• [EXERCISE DETAILS]: Write out the material below again, line for line, without any images.

• [DATA SUPPLIED]:
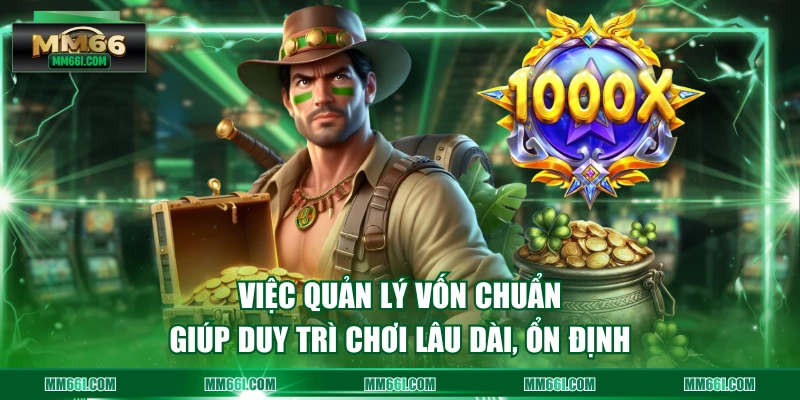  Việc quản lý vốn chuẩn giúp duy trì chơi lâu dài, ổn định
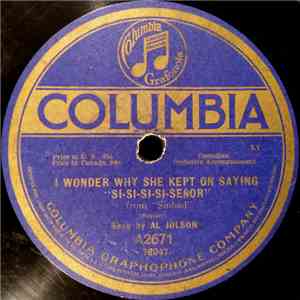 Al Jolson / Irving Kaufman - I Wonder Why She Kept On Saying 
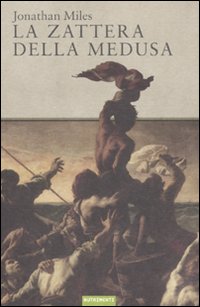 ZATTERA DELLA MEDUSA (LA)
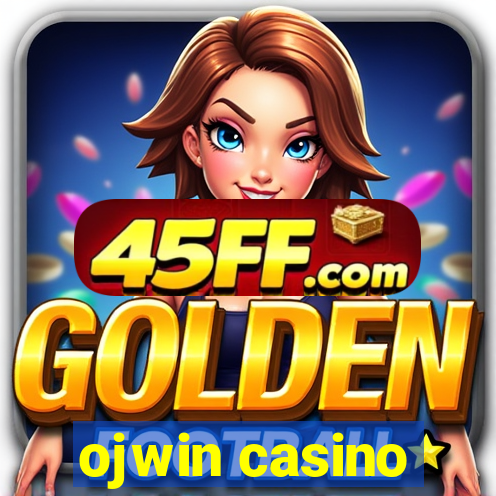 ojwin casino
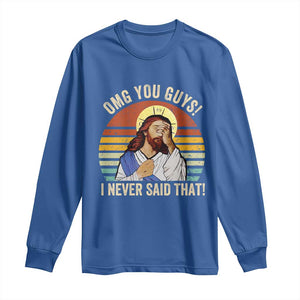 Funny OMG You Guys I Never Said That Long Sleeve Shirt Retro Christian Relegious TS11 Royal Blue Print Your Wear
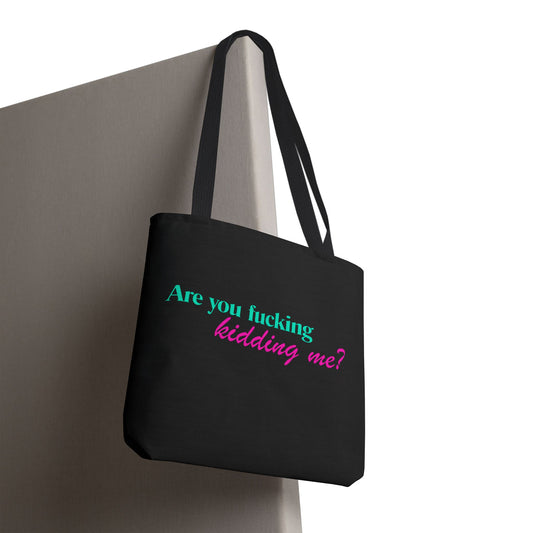 Are You Kidding Me - Tote Bag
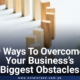 9 Ways to Overcome the Most Difficult Obstacles in Your Business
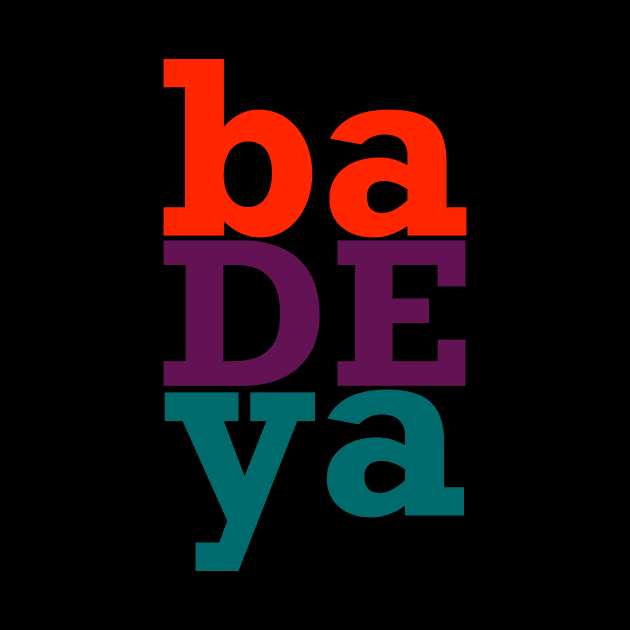 ba DE ya by SPINADELIC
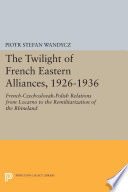 The Twilight of French Eastern Alliances, 1926-1936 : French-Czechoslovak-Polish Relations from Locarno to the Remilitarization of the Rhineland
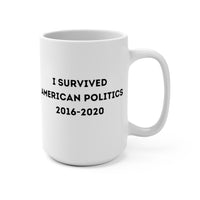 I Survived American Politics 2016-2020 - Large 15oz Mug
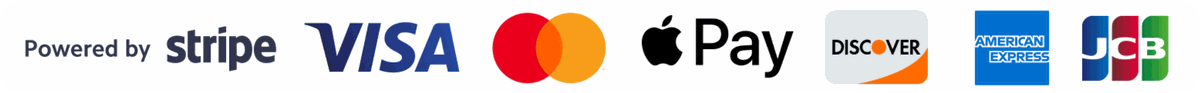 Powered by Stripe. Visa, Mastercard, Apple Pay, Discover, American Express and JCB accepted.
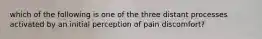 which of the following is one of the three distant processes activated by an initial perception of pain discomfort?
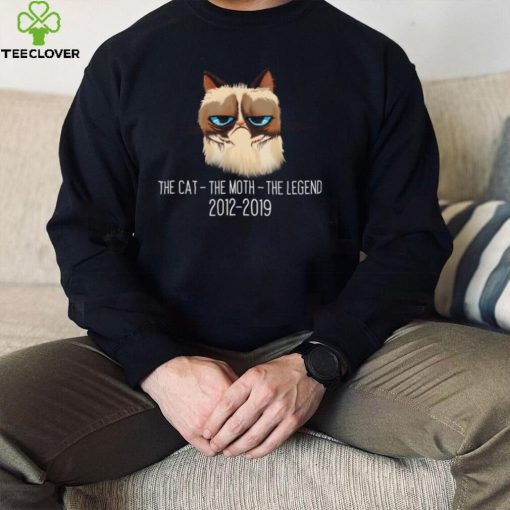 Grumpy The Cat The Moth The Legend 2012 2019 Shirt, hoodie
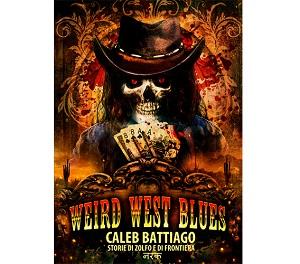 Nuove Uscite - “Weird West Blues - Storie di Zolfo e di Frontiera” di Caleb Battiago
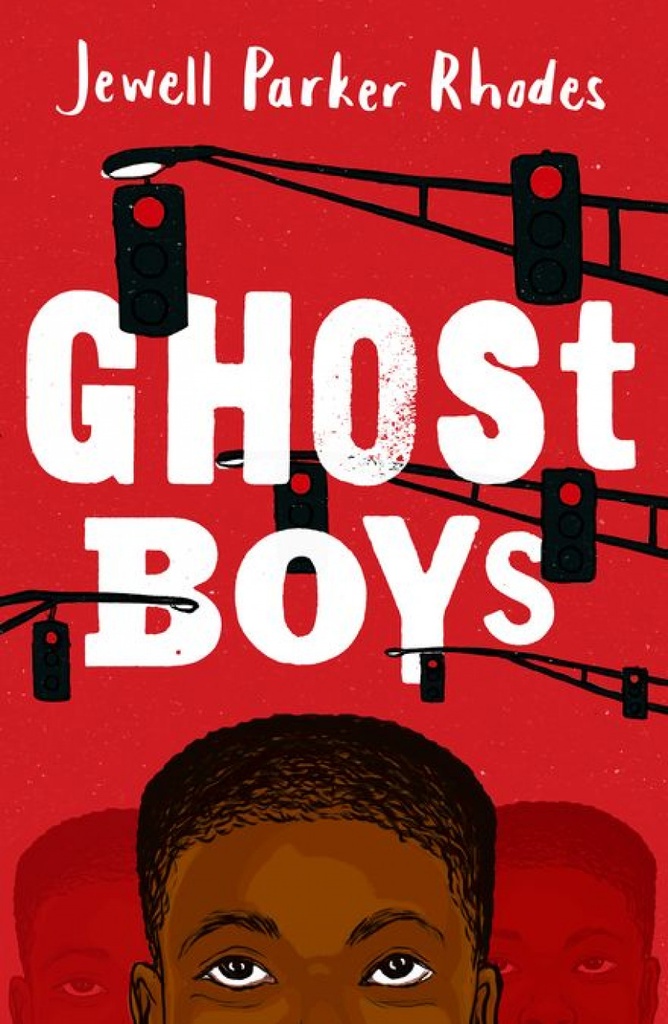 New Rollercoasters: Ghost Boys: Jewell Parker Rhodes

• [REPLY TO THE TASK]:
  Việc quản lý vốn chuẩn giúp duy trì chơi lâu dài, ổn định
 Al Jolson / Irving Kaufman - I Wonder Why She Kept On Saying 
 ZATTERA DELLA MEDUSA (LA)
 ojwin casino
 Funny OMG You Guys I Never Said That Long Sleeve Shirt Retro Christian Relegious TS11 Royal Blue Print Your Wear
 Are You Kidding Me - Tote Bag
 9 Ways to Overcome the Most Difficult Obstacles in Your Business
 ba DE ya by SPINADELIC
 The Twilight of French Eastern Alliances, 1926-1936 : French-Czechoslovak-Polish Relations from Locarno to the Remilitarization of the Rhineland
 I Survived American Politics 2016-2020 - Large 15oz Mug
 Powered by Stripe. Visa, Mastercard, Apple Pay, Discover, American Express and JCB accepted.
 which of the following is one of the three distant processes activated by an initial perception of pain discomfort?
 Grumpy The Cat The Moth The Legend 2012 2019 Shirt, hoodie
 Nuove Uscite - “Weird West Blues - Storie di Zolfo e di Frontiera” di Caleb Battiago
 New Rollercoasters: Ghost Boys: Jewell Parker Rhodes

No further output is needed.